The amount of primary energy produced by WtE in 2019 in Europe was equivalent to 13.8 billion cubic metres of natural gas. This corresponds to 9-10% of the natural gas imports to the EU from Russia (155 billion cubic metres in 2021). For instance, in Brescia, the WtE plant currently allows savings of around 98 million cubic metres of natural gas per year and, with the ongoing investment plan, savings will increase to more than 115 million in the near future.
In addition to the CO2eq emission savings by substituting fossil fuels, WtE also mitigates greenhouse gases by diverting waste from landfills (a source of disperse methane emissions) and recycling metals from the incineration bottom ash, the leftovers of the combustion process.
Furthermore, WtE’s potential for programmability and flexibility of energy production allows many possibilities of sector coupling and industrial symbiosis to be explored. For example, some European WtE plants have already successfully contributed to grid balancing, energy storage and decarbonisation of public transport through the production of hydrogen.
In this context, Italy needs six or seven waste-to-energy plants (75% of them in southern Italy) in order to fill the infrastructure gap in the waste disposal management process compared to Europe’s best performers (~5% landfilling). The need for new waste-to-energy plants in southern Italy is small compared to the 37 plants located in the north of Italy. Despite the obvious advantages of the above-mentioned plants, several factors have hindered the development of infrastructure so far. One of the main obstacles is the NIMBY (not in my back yard) syndrome, fostered mainly by political interests and protest groups. Moreover, the NIMBY syndrome is worsened by bureaucracy, which has a negative impact on the time to market of waste-to-energy plants. The NIMBY syndrome is based on the belief that WtEs are a deterrent to the development of sorted waste collection, not to mention that a certain part of the recycled waste still needs to be disposed of anyway. In actual fact, the European countries where waste-to-energy is used in a significant way have among the highest levels of separate waste collection in Europe. Another belief is that the presence of a waste-to-energy plant causes traffic congestion. In this respect, it is worth mentioning that, for operational purposes, a medium-sized plant would need fewer than 100 means of transport on a daily basis. Filling the infrastructure gap would make it possible to enhance the overall waste disposal process, lower the waste disposal tax charged on southern municipalities and generate value on a local and national scale.

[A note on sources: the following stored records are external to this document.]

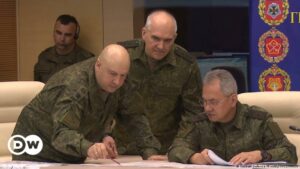 Ministro de Defensa ruso sobrevuela frente de batalla en Ucrania | El Mundo | DW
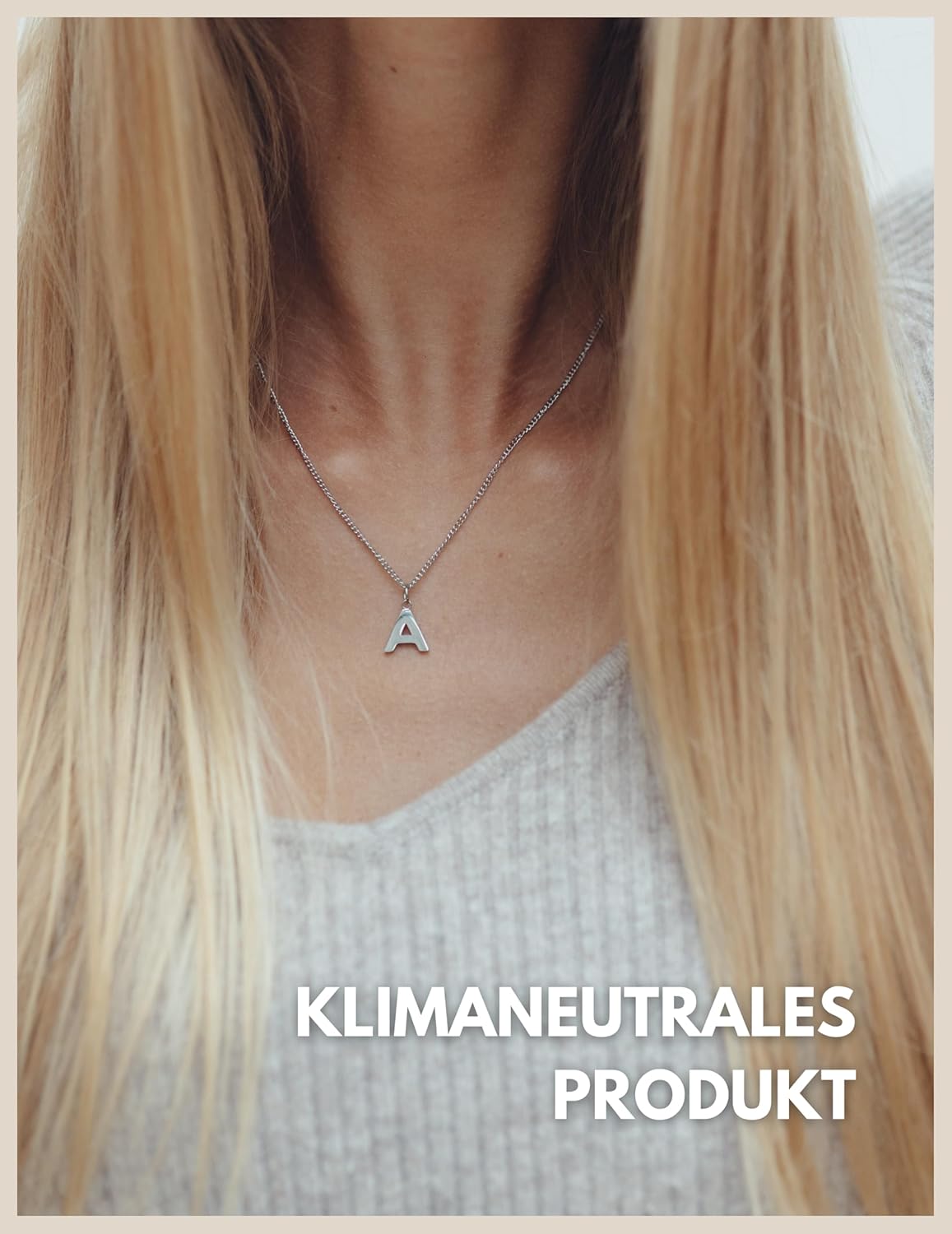Detalle de GD GOOD.designs EST. 2015 Catena con lettere in argento – collana da donna delicata regolabile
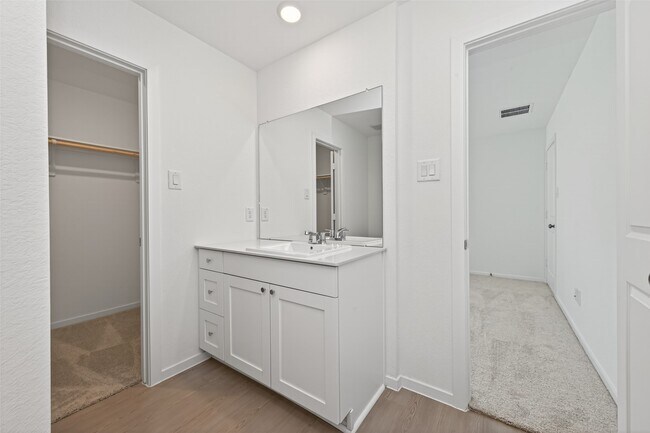 Building Photo - 6274 Alder Crk Dr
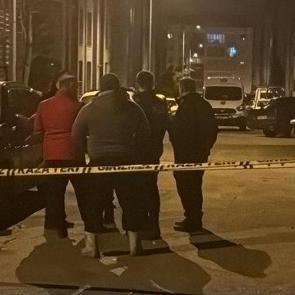 Kızının erkek arkadaşını pompalı t&uuml;fekle vurdu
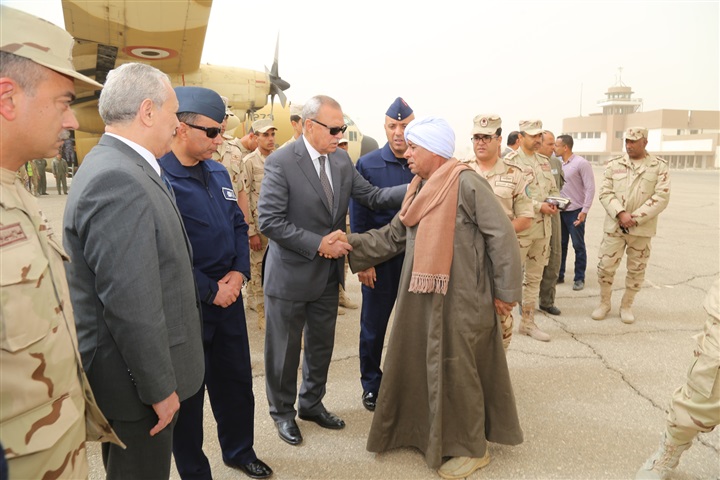 بالصور.. محافظ قنا يشهد جنازة شهيد القوات المسلحة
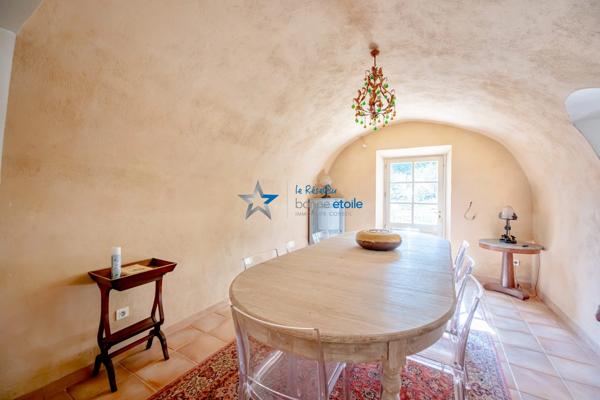 Saint-maximin-la-sainte-baume bastide 220 m 2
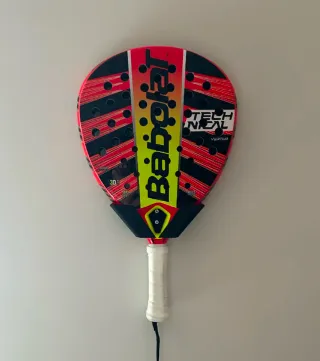 Soporte para pala de pádel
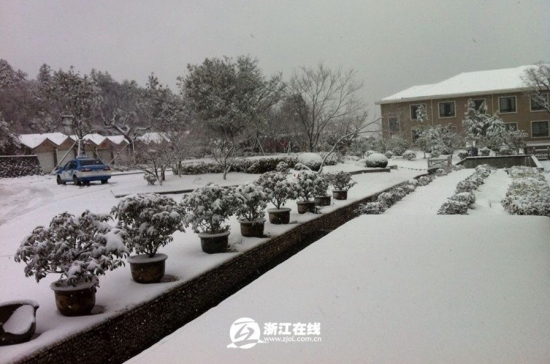 浙江下雪了，2013年冬季浙江湖州安吉第一场雪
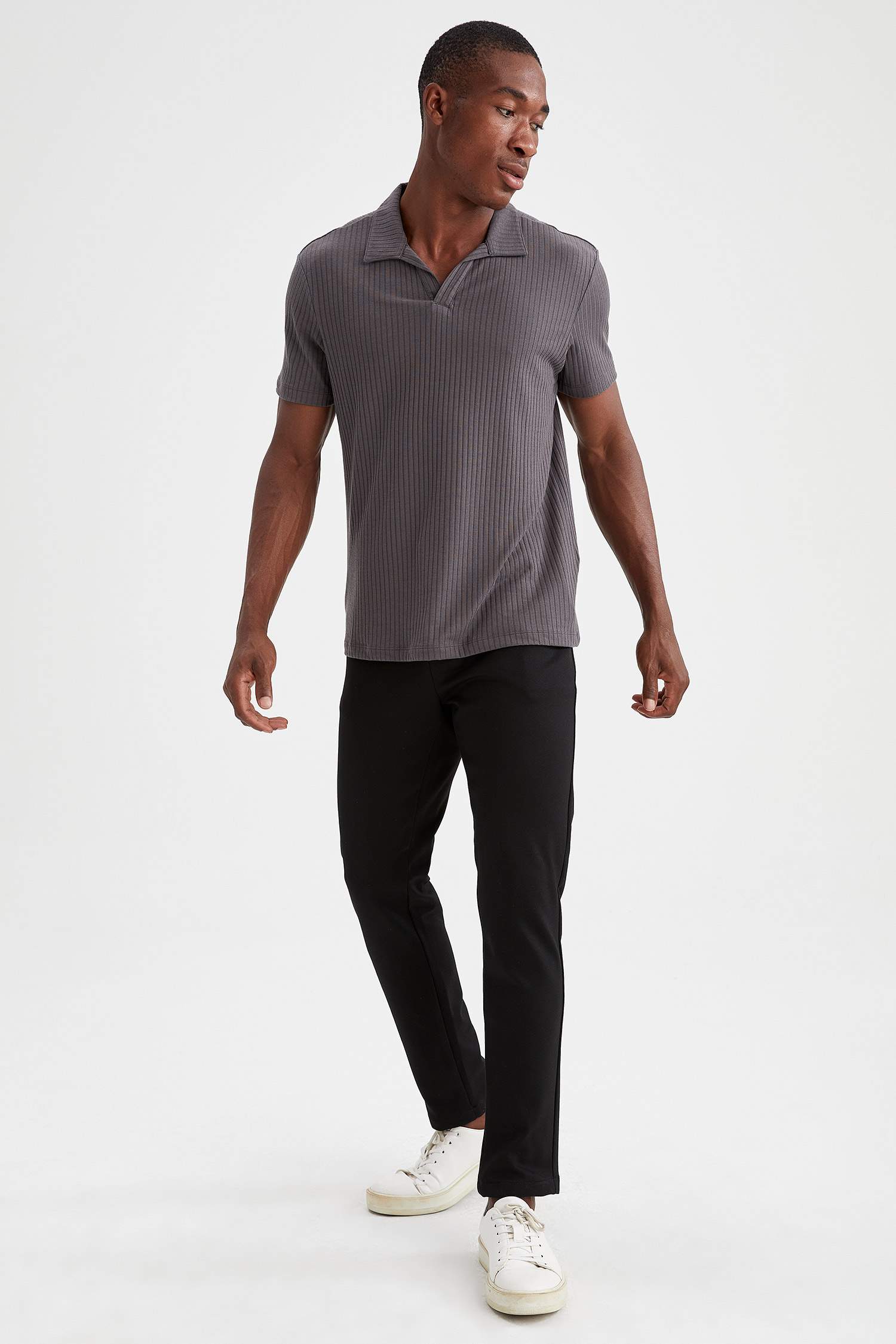 Modern Fit Polo Yaka Basic Kısa Kollu Tişört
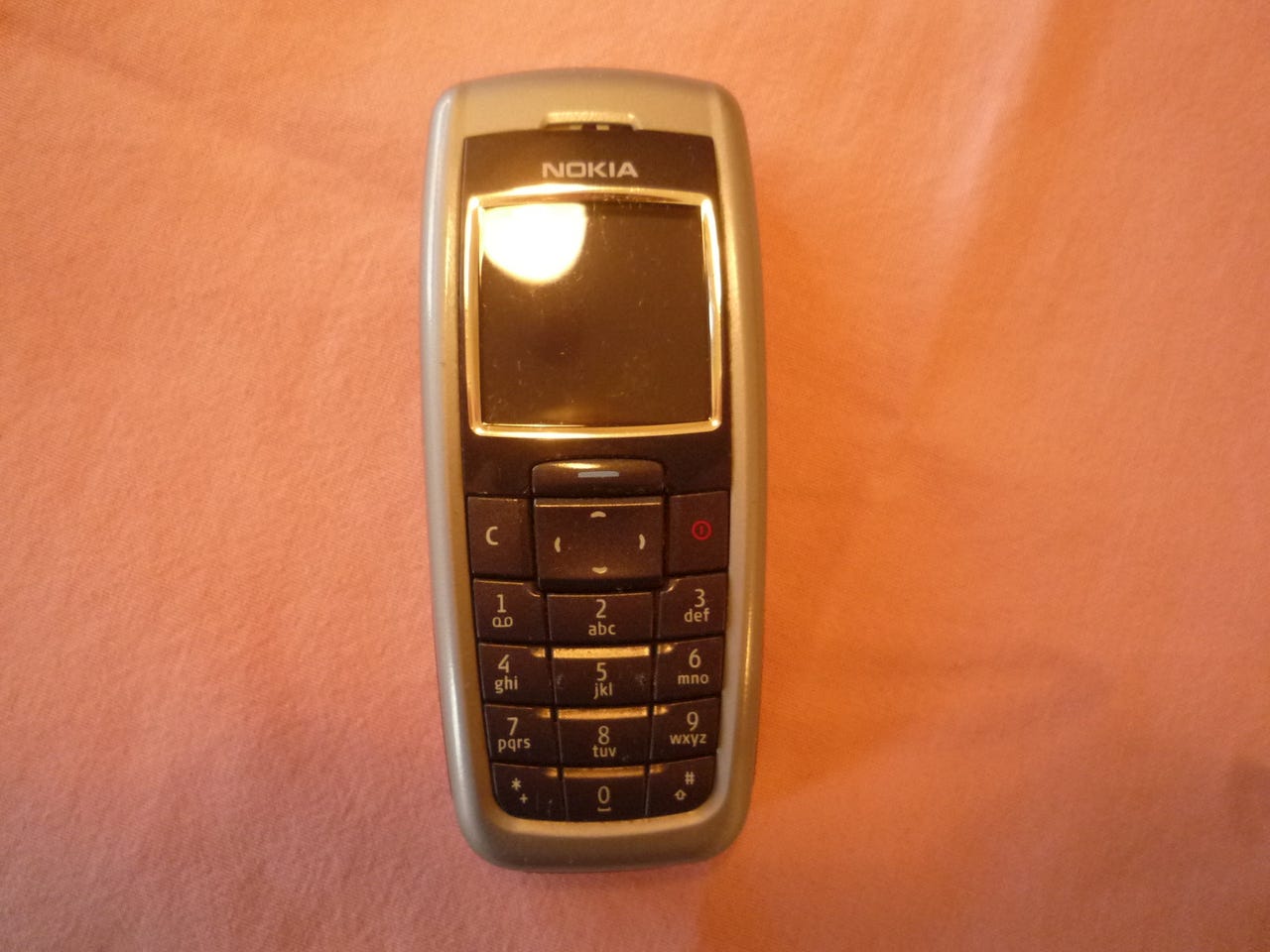PUHELIN NOKIA 2600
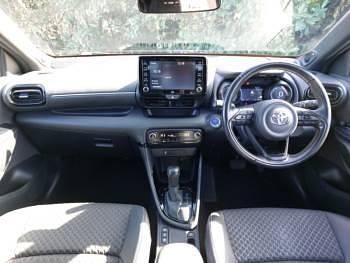 Used Toyota Yaris Hybrid 116 HP (85 kW) 2021 Blue Hatchback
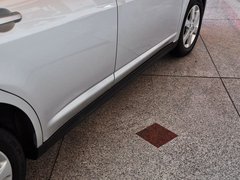 2012款 1.6L 自动 尊贵版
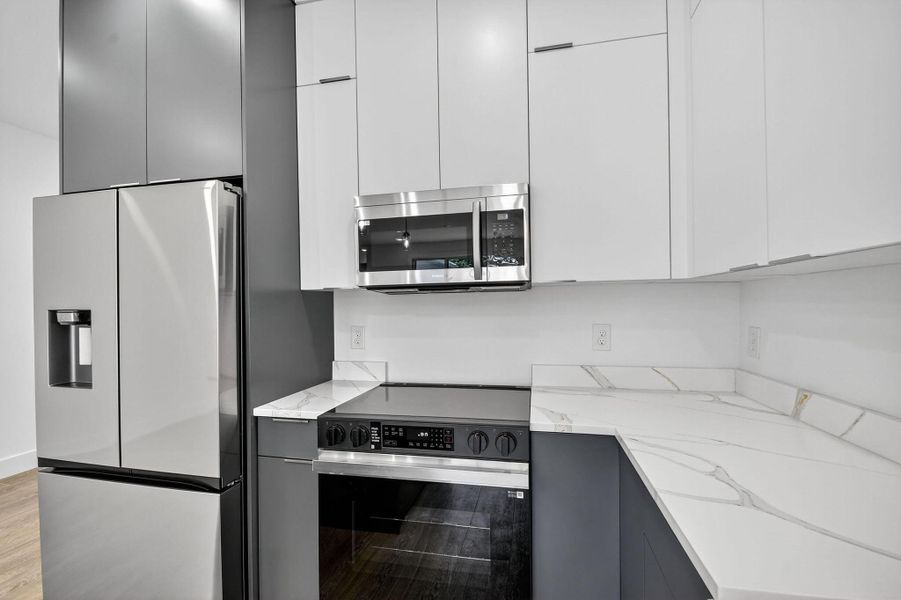 Furnished interior view inside a new home in , Jupiter (Image 37).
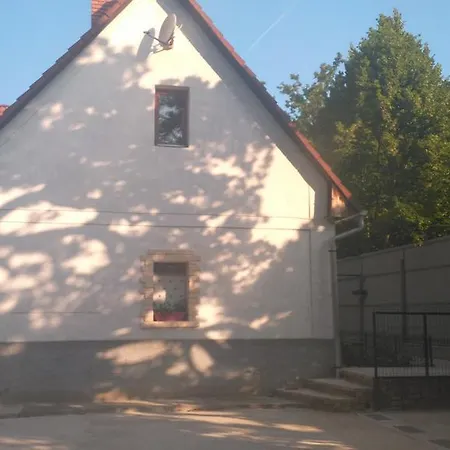 Relaxbakony Vendégház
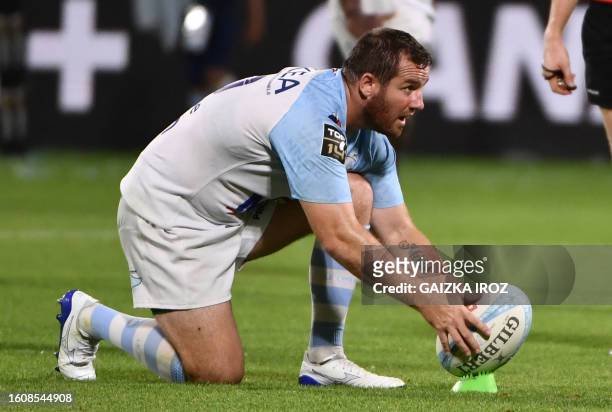 Bayonne's French fly-half Camille Lopez prepares to kick a penalty during the French Top 14 rugby union match between Aviron Bayonnais and Stade...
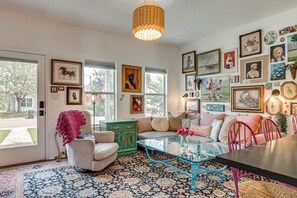 Interior - < 1 Mi to Georgetown Square & SU! Extended Base (Georgetown)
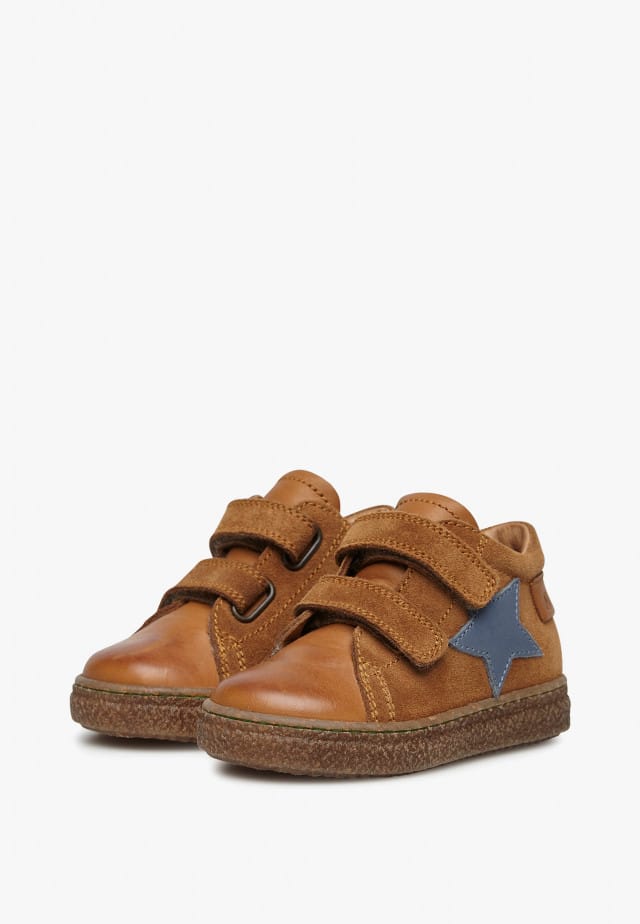 NATURINO ALBUS STAR VLSneakers aus Leder und Veloursleder mit Stern-Patch, Braun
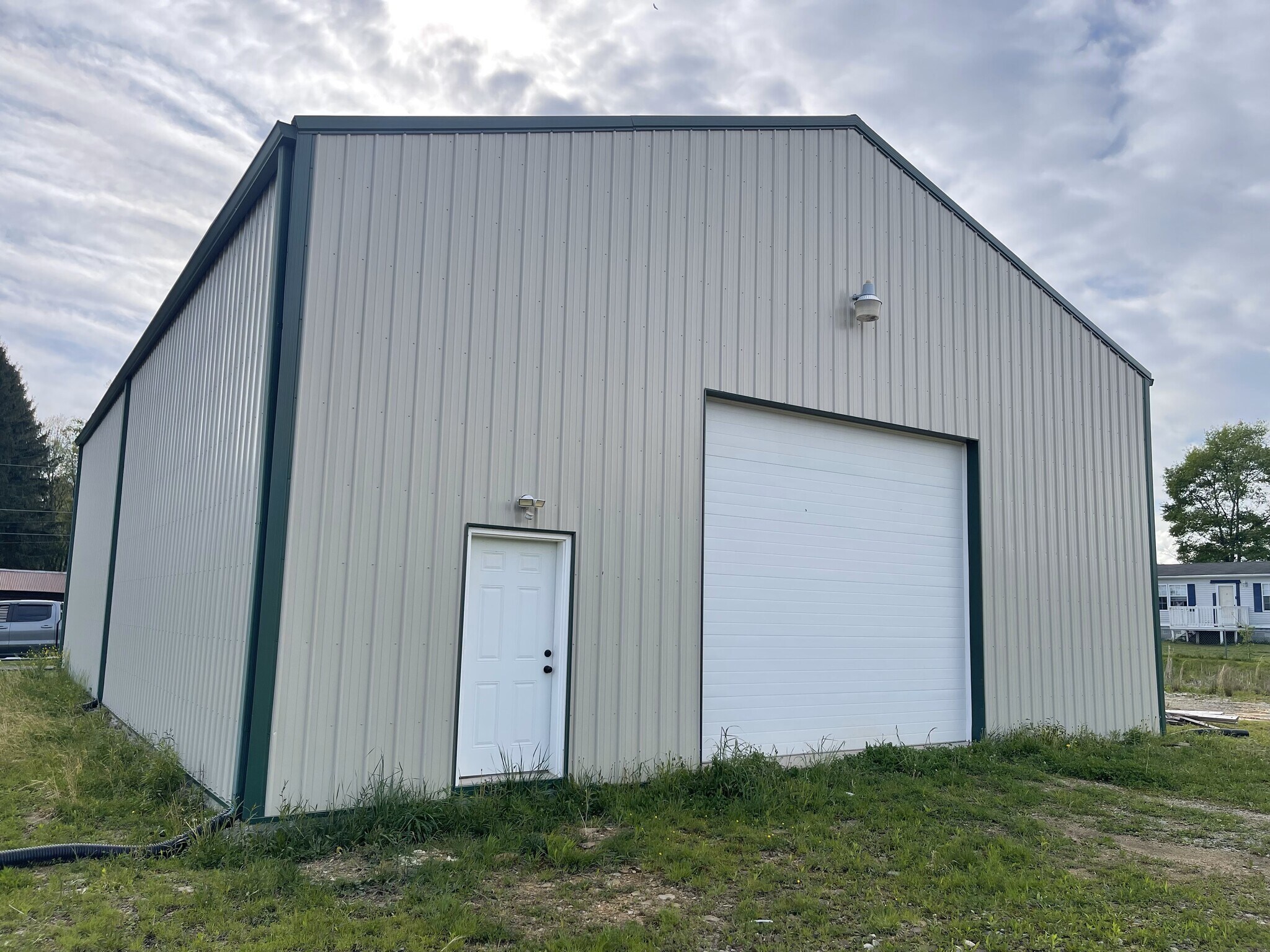 21319 N Preston Hwy, Bruceton Mills, WV à vendre Photo principale- Image 1 de 11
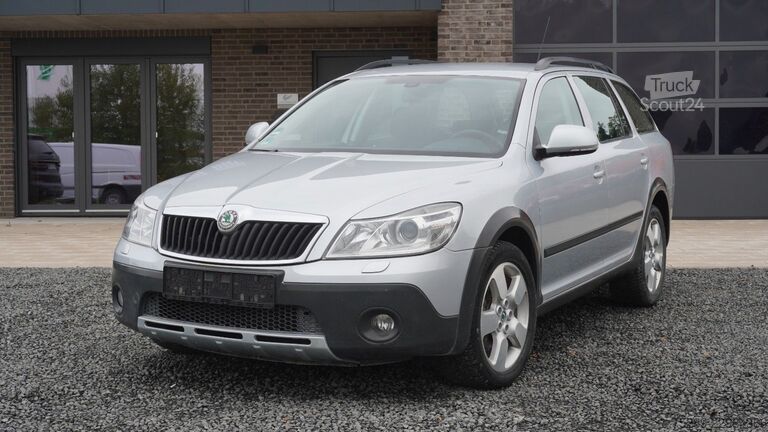 Minibüs SKODA Octavia Combi Scout 4X4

Compared to the first incineration plants, the new plants ensure increased environmental efficiency in terms of greenhouse gas emissions, clean energy production and materials recovery. In addition to this, research and development is moving forward in this field, focusing on green hydrogen production. This could further increase the strategic significance of WtE plants. In the years to come, it is likely that the demand for decarbonised hydrogen will grow in the heavy transport sector. The main source of decarbonised hydrogen will be non-programmable renewable generators (e.g. photovoltaic and wind power plants) and waste-to-energy plants characterised by baseload production which will ensure continuity to the generation and production of hydrogen.
In conclusion, the European policy framework should consider European countries’ peculiarities and their level of development in terms of waste disposal management and infrastructure, and it should value the electricity, heat and hydrogen production generated by waste-to-energy plants.